True. Why indeed. It is the government's concern. And governments will only (at least appear to) work on issues that bring them votes. Education clearly doesn't. And those who know the value of education are quite happy keeping it to themselves.

Kiran said...

The issue here is that domination of other castes on Indian policy. They draft policy that suits them. Democracy, votes, Constitution are attempts against this tsunami of caste oppression. They moderate the castiest fuckers but not yet tamed them.

Shruti said...

Dear Kufr and everyone,
There was a citizen's hearing on the bill today in Delhi where several issues were highlighted--the bill's shortcomings,absence of addressal of several relevant/related socio-cultural issues, the blatant disinterest of the govt in involving the public, making it a more 'public' bill which gets enough public space for debate and discussion and then accordingly introduce clauses, and the strange 100 days deadline and an unwillingness to take time over it etc.
The nationwide campaign to talk about the bill, to insist on a public debate and to force the govt to take cognizance of public response before the passing of the bill in its current state is being headed by Mr Anil Sadgopal, a senior DU Professor.I think what we all need to do, what I intend doing is lend it support, join it.

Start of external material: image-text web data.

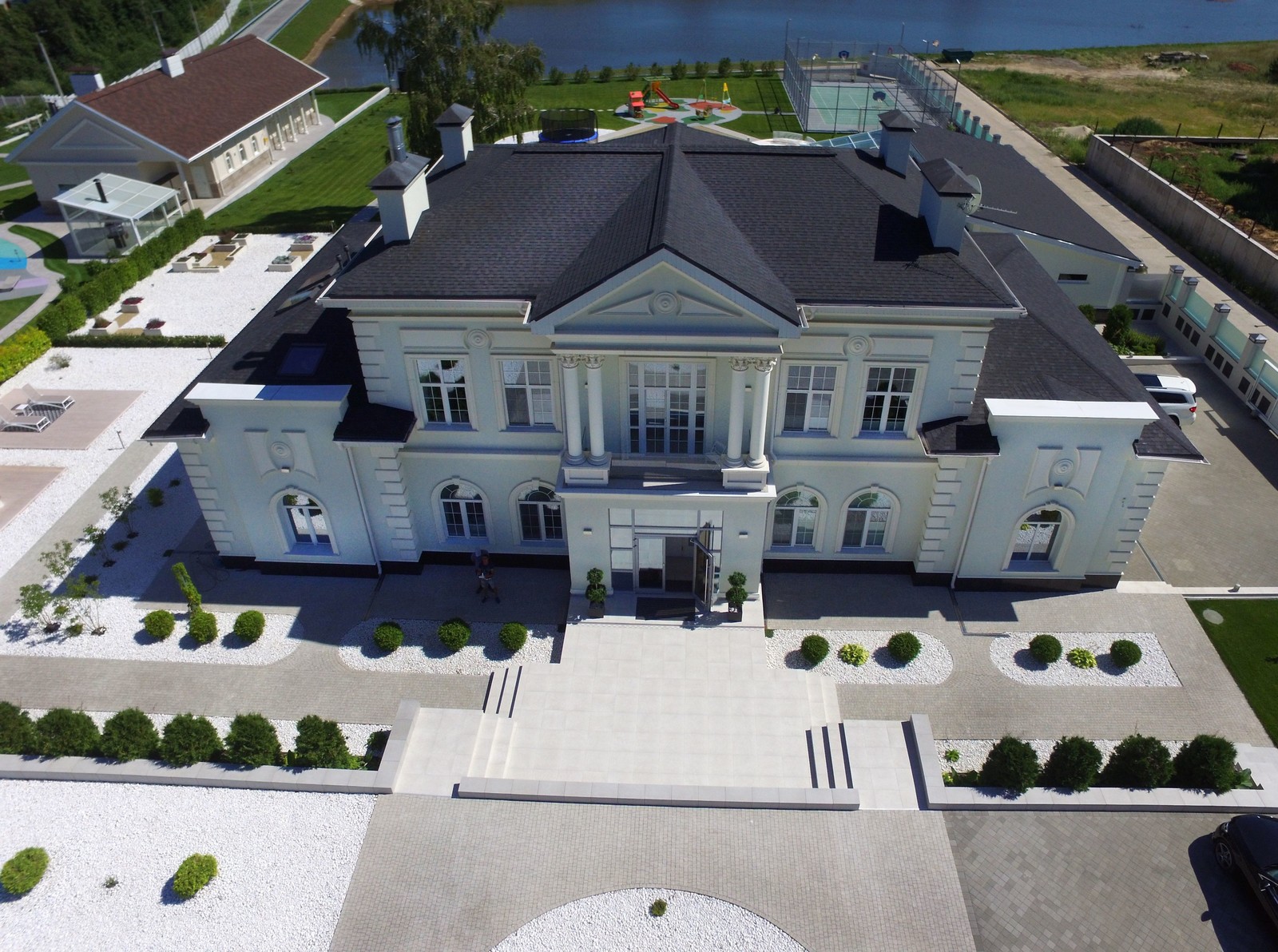 Обложка проекта: поселок Высокая гора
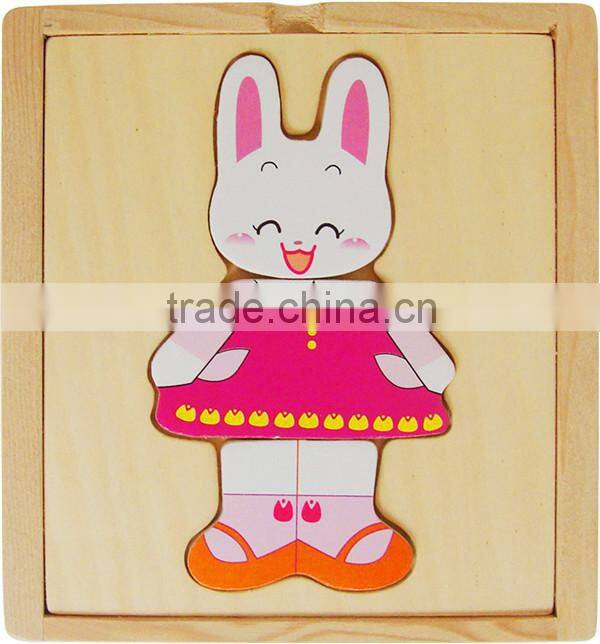 Wooden bear family Dress-up puzzle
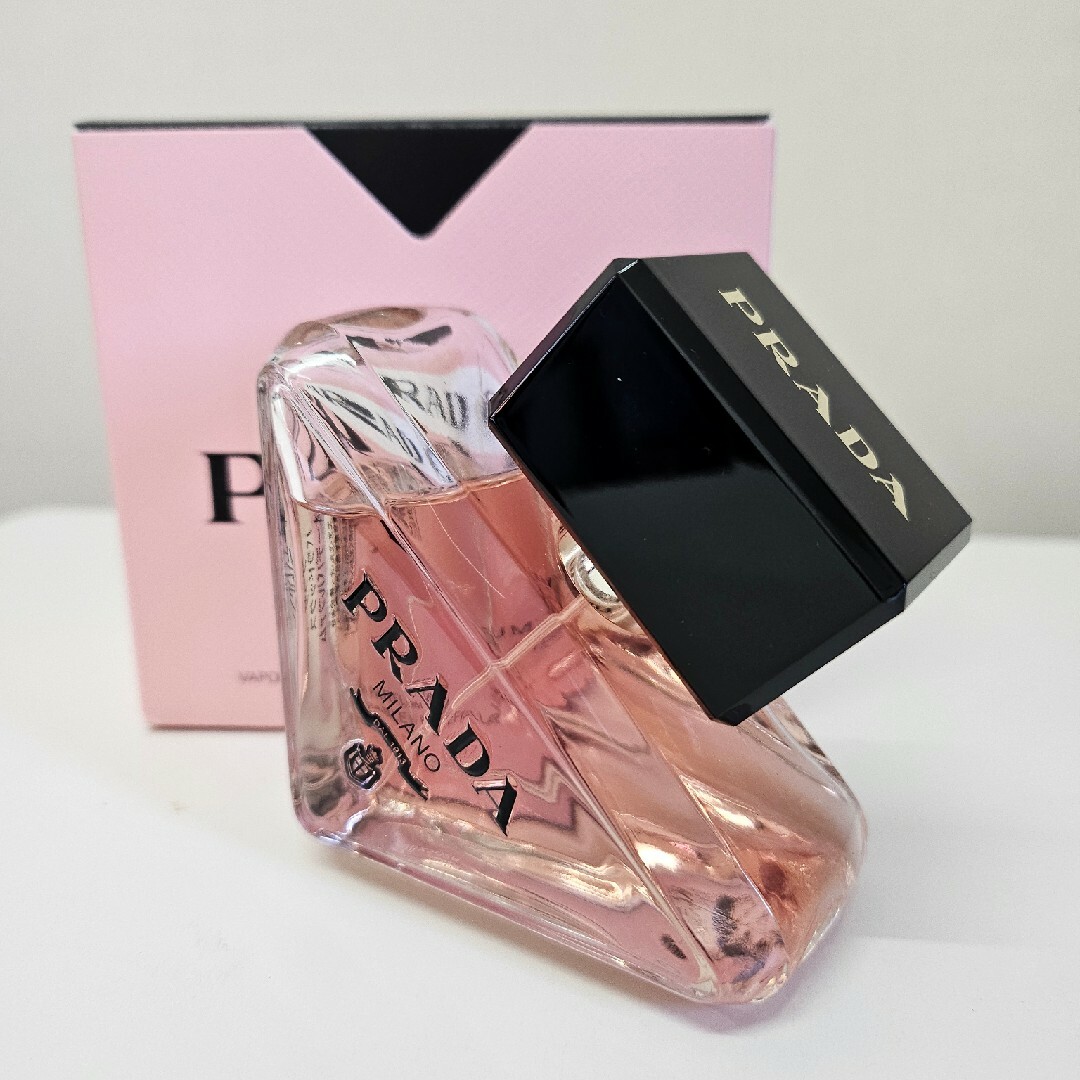 PRADA(プラダ)の未使用！PRADA　パラドックス　50ml コスメ/美容の香水(ユニセックス)の商品写真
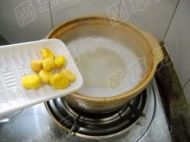 补肾健脾枸杞栗子银耳羹的做法步骤5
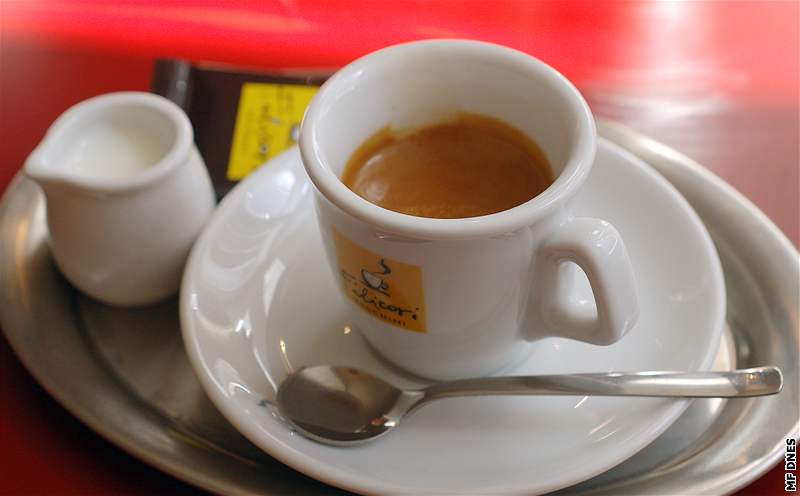 Brnnská kavárna Mezzanine - espresso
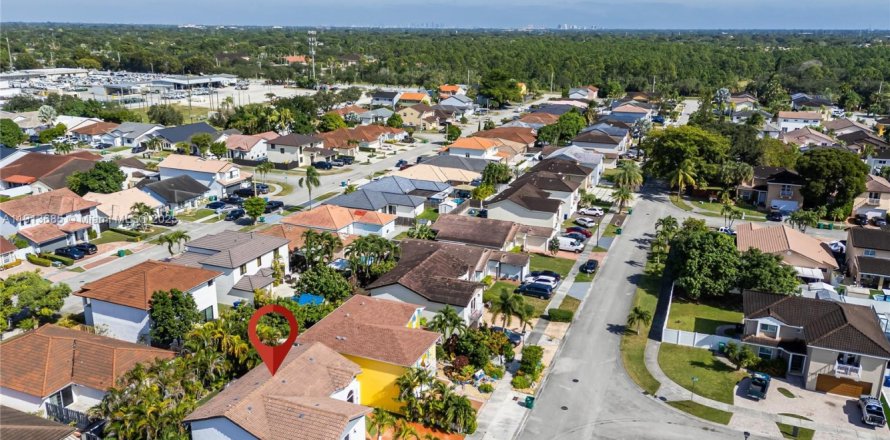 Casa en Miami, Florida 4 dormitorios, 205.69 m2 № 1968462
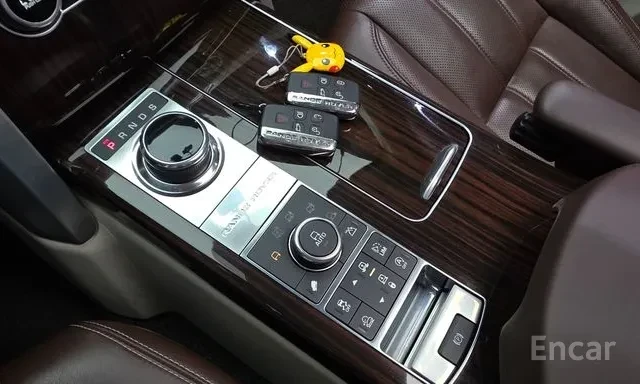 Land Rover Range rover 4.4 SDV8 LWB, снимка 13 - Автомобили и джипове - 55849653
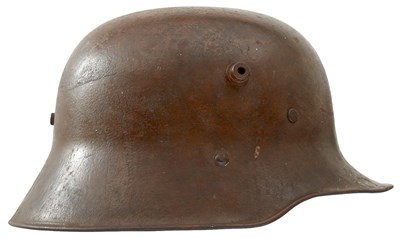 Lot 822 - A FIRST WAR PERIOD GERMAN HELMET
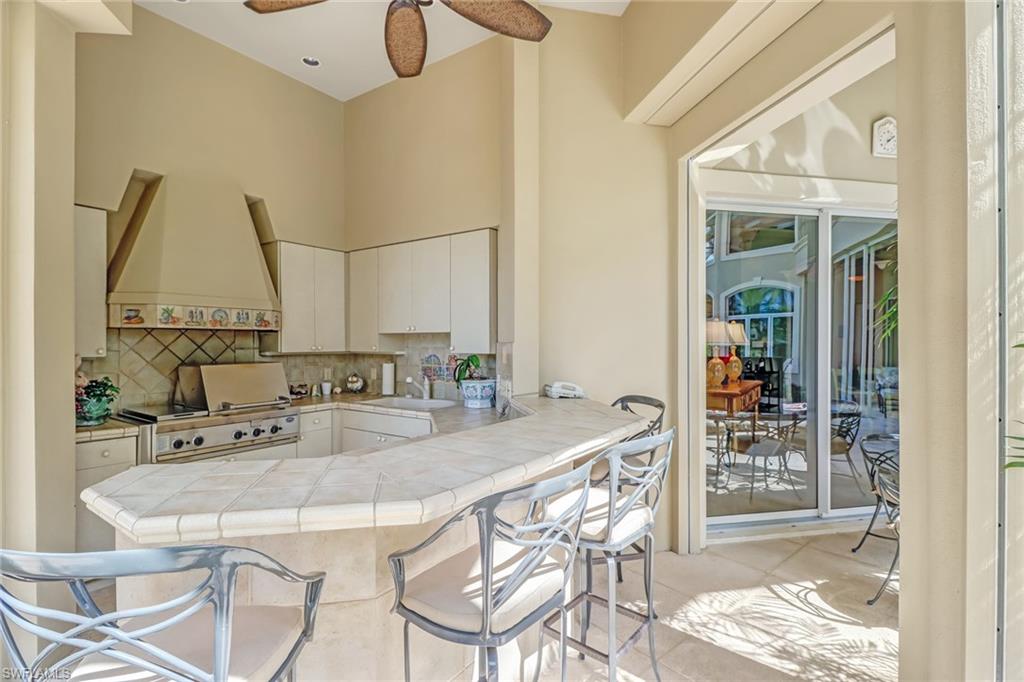 BAY COLONY SHORES - Residential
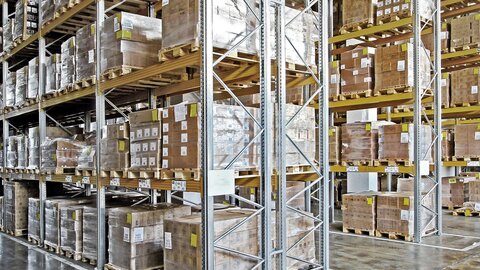 Regallager mit Waren.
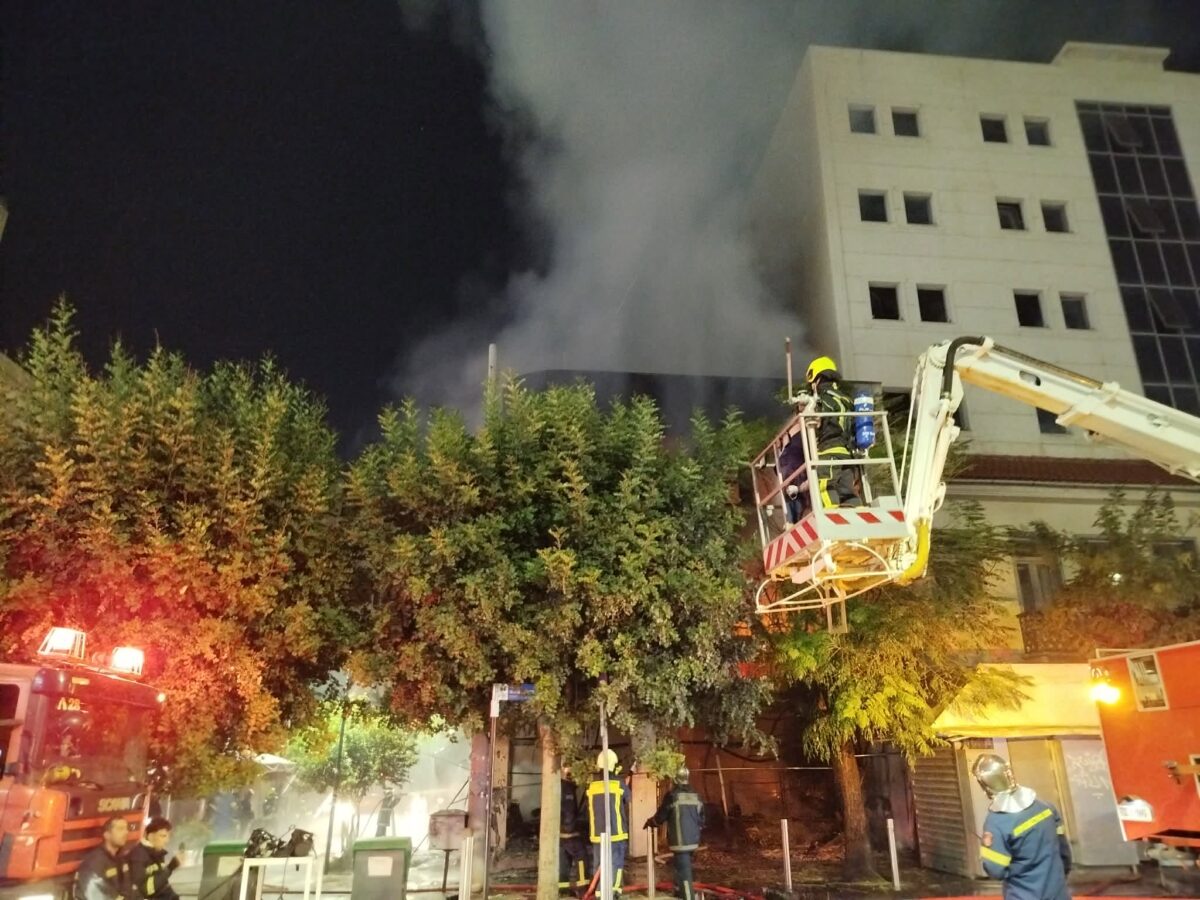 Μεγάλη φωτιά σε κατάστημα με υφάσματα στον Πειραιά – Πυκνοί καπνοί έχουν καλύψει την περιοχή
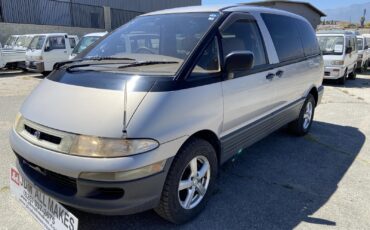 Toyota-Estima-1993-VAN-3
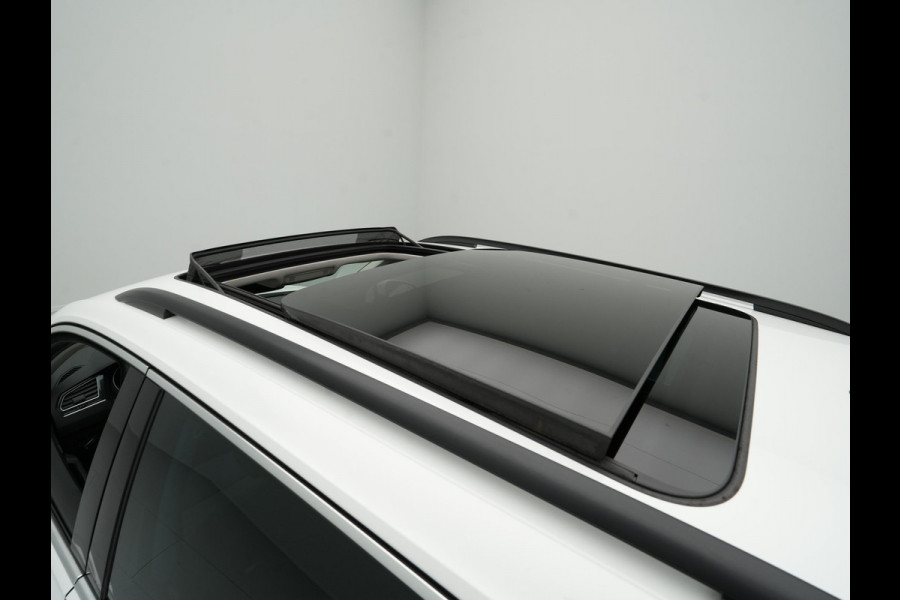 Volkswagen Tiguan 1.5 TSI 130pk Comfortline Navigatie Panoramadak Stoelverwarming Acc 340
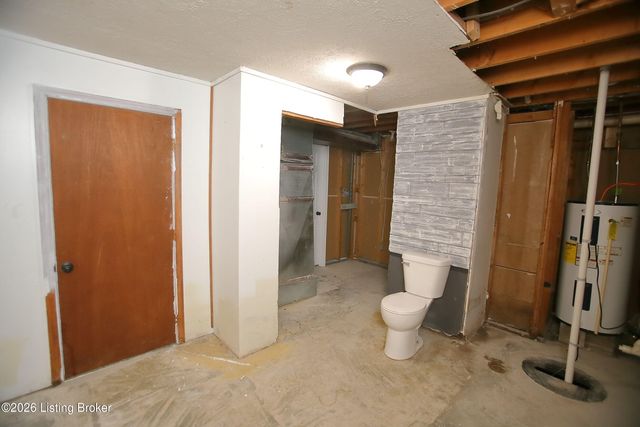 4489 Shepherdsville Rd, Elizabethtown, KY 42701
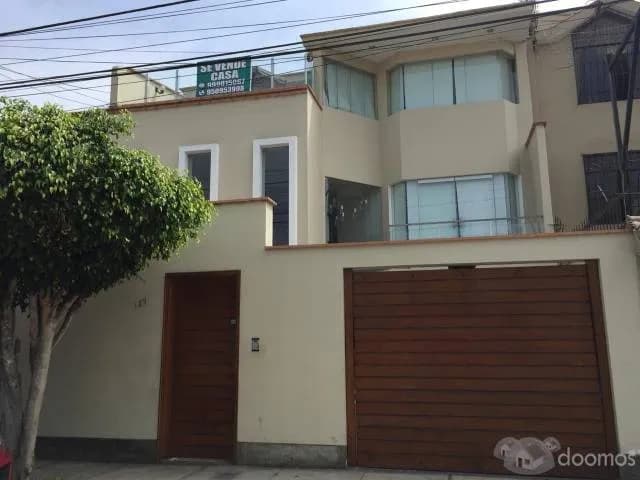 CASA 3 PISOS,210 METROS CUADRADOS, CHORRILLOS, 350.000$ — foto 1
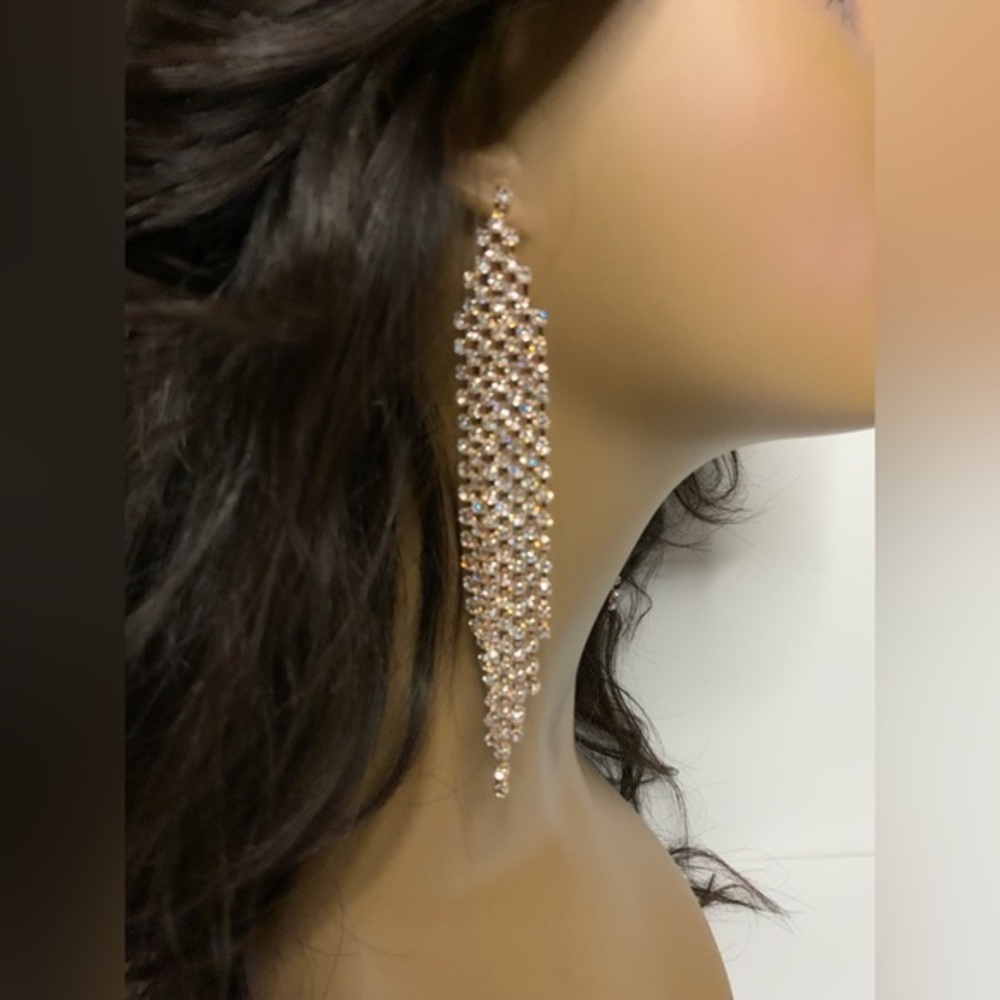 🌺Rhinestone Dangle Earrings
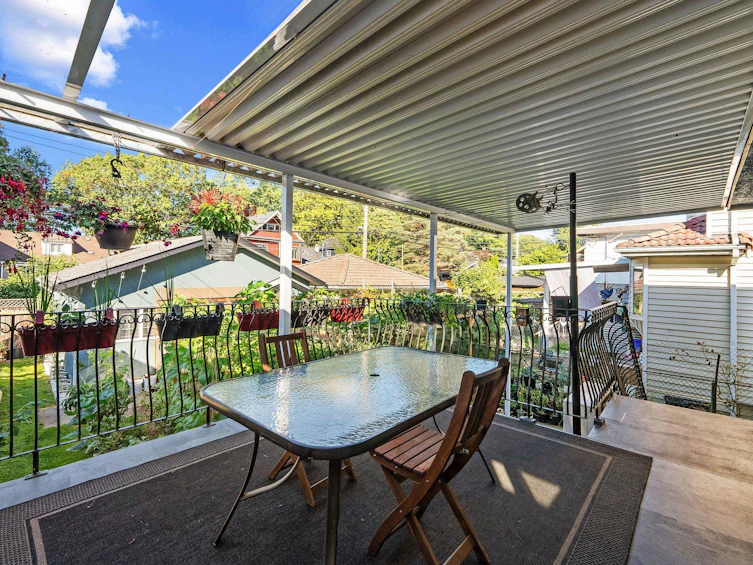 2621 Cambridge Street, Vancouver, BC, V5K 1L6 - 6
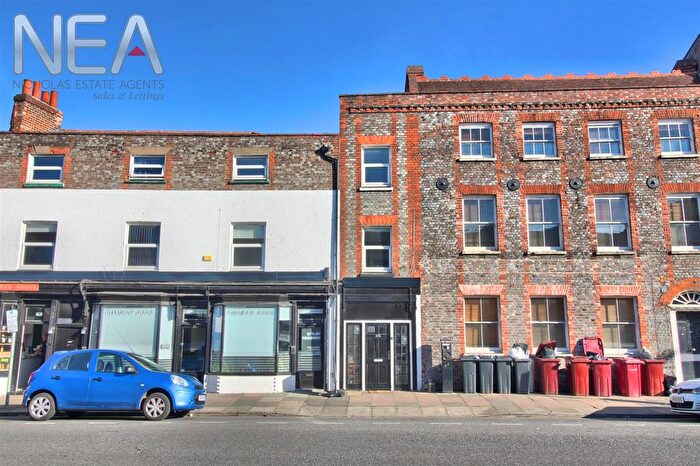 2 Bedroom Maisonette To Rent In Castle Street, Reading, RG1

To doggedly pursue this as citizens, post recommedations, highlight points, spread a signature petition, whatever it takes, if we really care about it enough. Or it'll never get heard, taken seriously by any govt as this one isnt.I dont have the URL of his campaign, but my suggestion is we look for it, add our recommedations/changes to the bill clauses,any knowledge you have of any specific education related situation you know at school level and place it there.The campaigners have specifically asked the public to submit their information, suggestions in writing with their names and numbers, so it can be brought out as a document by the public: of the public's response to a bill that will have such sweeping, far reaching effects.
My apologies for not having the campaign's web details to provide here. But googling for Mr Sadgopal and the bill ought to reveal something.